Data bridges for scientific & official data integration

Date:

I was invited to participate in the United Nations Data Forum 2020.

Data bridges for scientific & official data integration

My slides can be found on Zenodo. You will find the full set of slides presented at the full session, as well as a single-slide that was presented in the panel discussion session.

If you would like to cite the slides, please use:

Gonzalez-Beltran, Alejandra. (2020, October). “Data bridges for scientific & official data integration”. Zenodo. http://doi.org/10.5281/zenodo.4273868

See more details about the session at the CODATA website and the International Science Council.

Session Description

Solving today’s global grand challenges demands that both scientific and policy research embrace new innovations and synergies as well as multi-stakeholder partnerships.
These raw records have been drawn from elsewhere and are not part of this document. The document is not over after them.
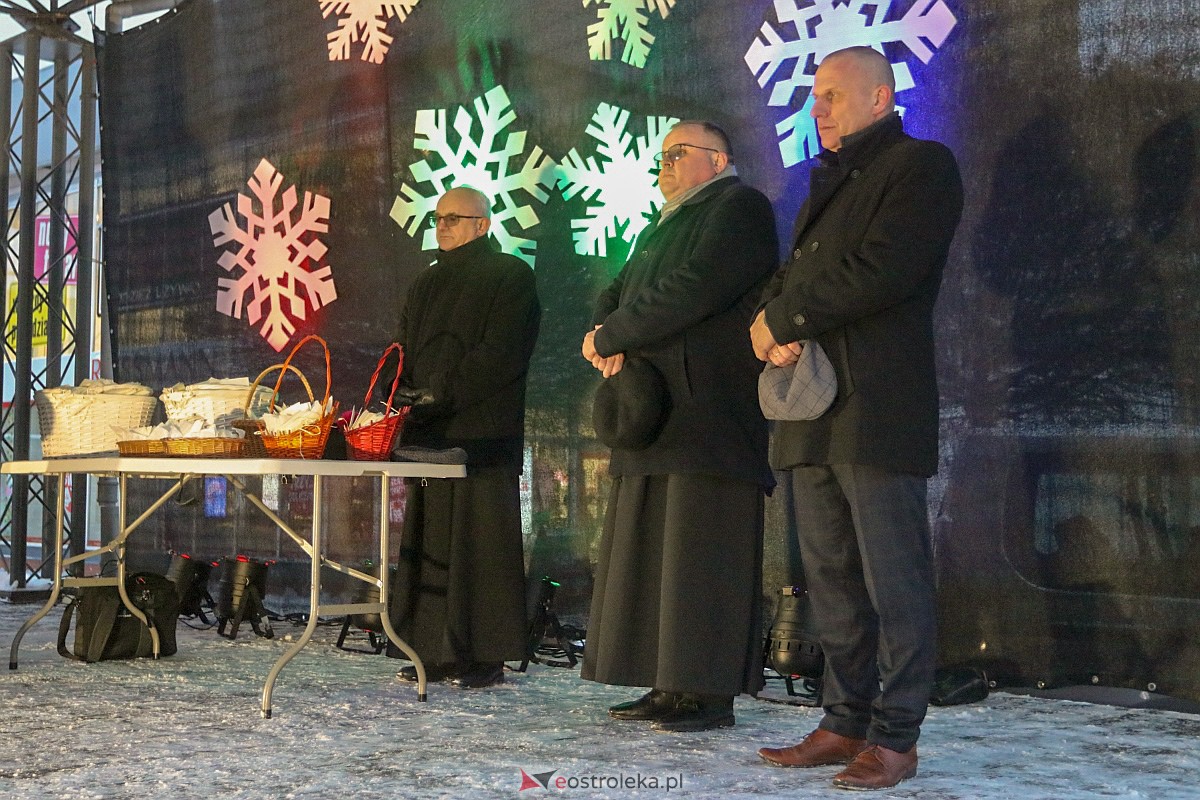 Wigilia miejska 2022 Ostrołęka [17.12.2022] - zdjęcie #40 - eOstroleka.pl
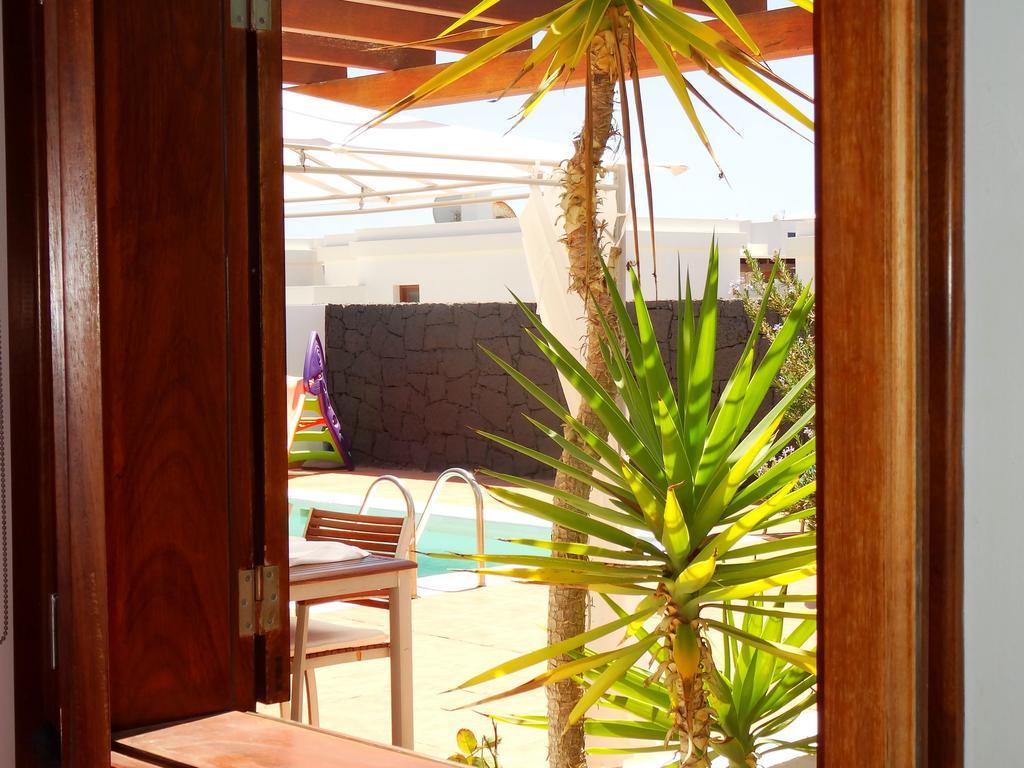 Happy Villa Con Piscina Privada Playa Blanca  Exterior photo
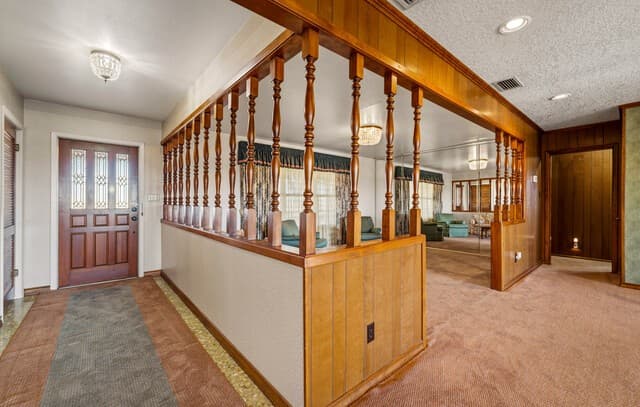 Home for sale at 25 Labus Ln in Floresville, TX — photo 5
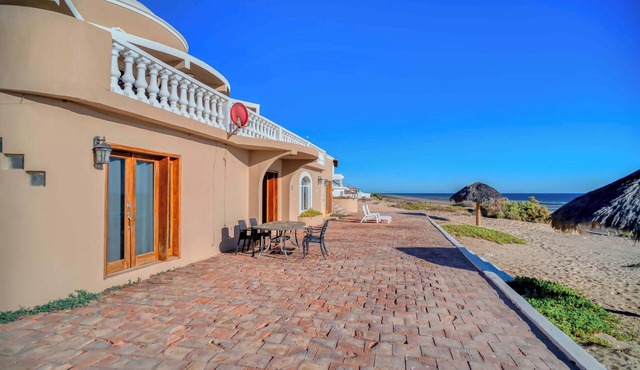 Gracias a la Vida ll -beachfront in Las Conchas in Las Conchas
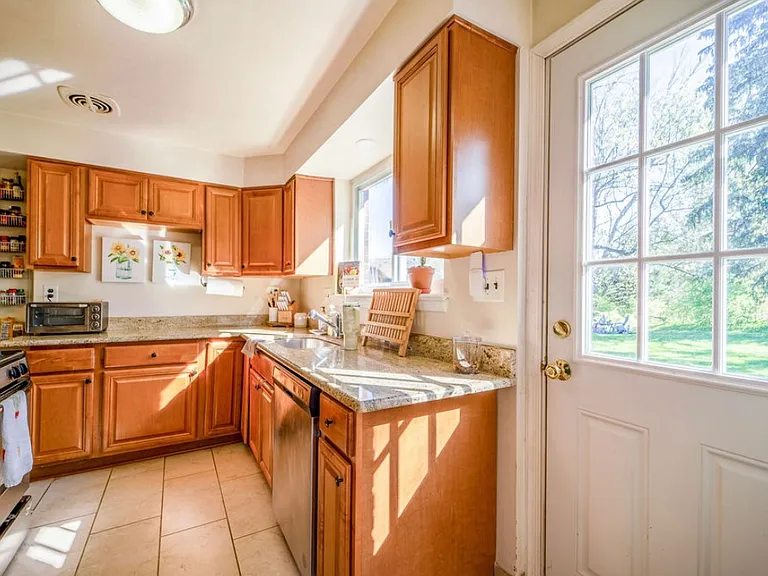 2227 Grayson Pl — Photo 36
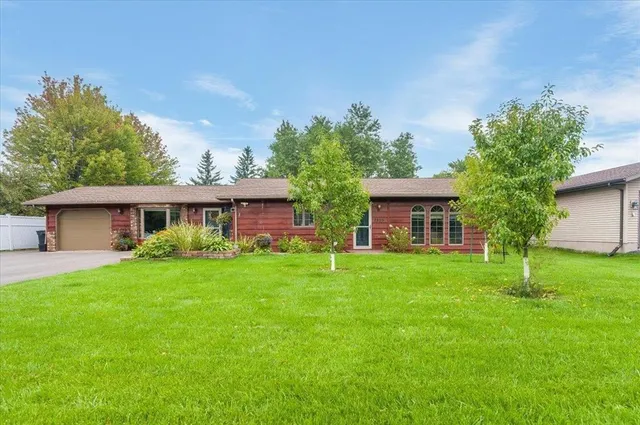 $279,900 | 3805 East 8th Street, Superior, WI 54880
In order to help build the bridges needed between different data ecosystem domains and communities, the International Science Council, acting as the global voice for science, and working with the UN, has determined the need to launch the CODATA Decadal Programme to build the international communities of practice needed to increase large-scale usability of data across the scientific and policy spheres.

Analyses can benefit from cross-cutting techniques not restricted to those of a single domain. International data used to monitor policy are a fundamental ingredient in many research projects, both in academia and for policy research. They facilitate and improve the quality of research on the ground and can also be improved through the incorporation of data from the scientific community and elsewhere. Creating a two-way bridge between scientific research data and official data is vital.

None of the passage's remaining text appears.